SuperCloud hosts a variety of large datasets that can be valuable for your research. These datasets are shared by program groups and/or organizational groups in order to prevent replication of the data and to allow sharing of data and code.

You can find and access the datasets that are available on the SuperCloud system by looking in /home/gridsan/groups/datasets.

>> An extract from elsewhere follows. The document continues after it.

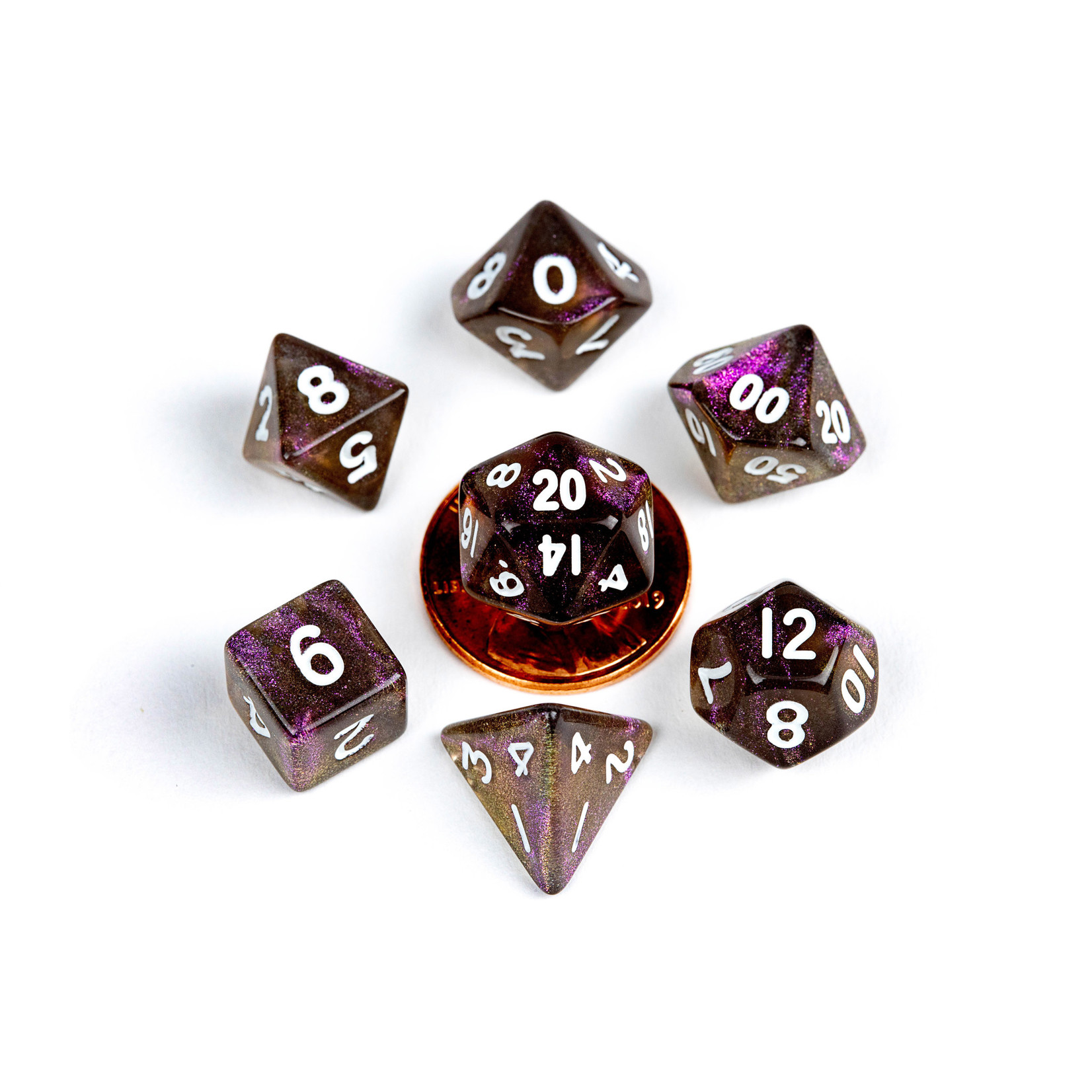 MDG Mini Dice: Stardust Supervolcano | 10mm 7 Die Polyhedral Set 4174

If your project needs to share data, see our page on Group Shared Directories for directions on requesting a Group Shared Directory and how to use Group Shared Directories safely.

Public Datasets

Datacenter

MIT SuperCloud Dataset

This dataset consists of the labelled parts of the data described in the paper The MIT SuperCloud Dataset. The archive contains compressed CSV files consisting of monitoring data from the MIT SuperCloud system. For details on the capabilities offered by MIT SuperCloud cluster see Reuther, et. al. IEEE HPEC 2018.

Citation

If you use this data in your work, please cite the following paper

@misc{,
      title={The MIT SuperCloud Dataset},
      author={Siddharth Samsi and Matthew L Weiss and David Bestor and Baolin Li and Michael Jones and Albert Reuther and
      Daniel Edelman and William Arcand and Chansup Byun and John Holodnack and Matthew Hubbell and Jeremy Kepner and
      Anna Klein and Joseph McDonald and Adam Michaleas and Peter Michaleas and Lauren Milechin and Julia Mullen and
      Charles Yee and Benjamin Price and Andrew Prout and Antonio Rosa and Allan Vanterpool and Lindsey McEvoy and
      Anson Cheng and Devesh Tiwari and Vijay Gadepally},
      year={2021},
      eprint={2108.02037},
      archivePrefix={arXiv},
      primaryClass={cs.DC}
}

ImageNet Data

http://www.image-net.org/challenges/LSVRC/2012/

ImageNet Large Scale Visual Recognition Competition 2012 validation, test and training data.

LADI

https://github.com/LADI-Dataset/

A dataset of images collected by the Civil Air Patrol of various disasters. Two key distinctions are the low altitude, oblique perspective of the imagery and disaster-related features.The dataset currently employs a hierarchical labeling scheme of a five coarse categorical and then more specific annotations for each category. The initial dataset focuses on the Atlantic Hurricane and spring flooding seasons since 2015. We also provide annotations produced from the commercial Google Cloud Vision service and open source Places365 benchmark.

Microsoft COCO

http://cocodataset.org

COCO is a large-scale object detection, segmentation, and captioning dataset, with the goal of advancing the state-of-the-art in object recognition by placing the question of object recognition in the context of the broader question of scene understanding. This is achieved by gathering images of complex everyday scenes containing common objects in their natural context.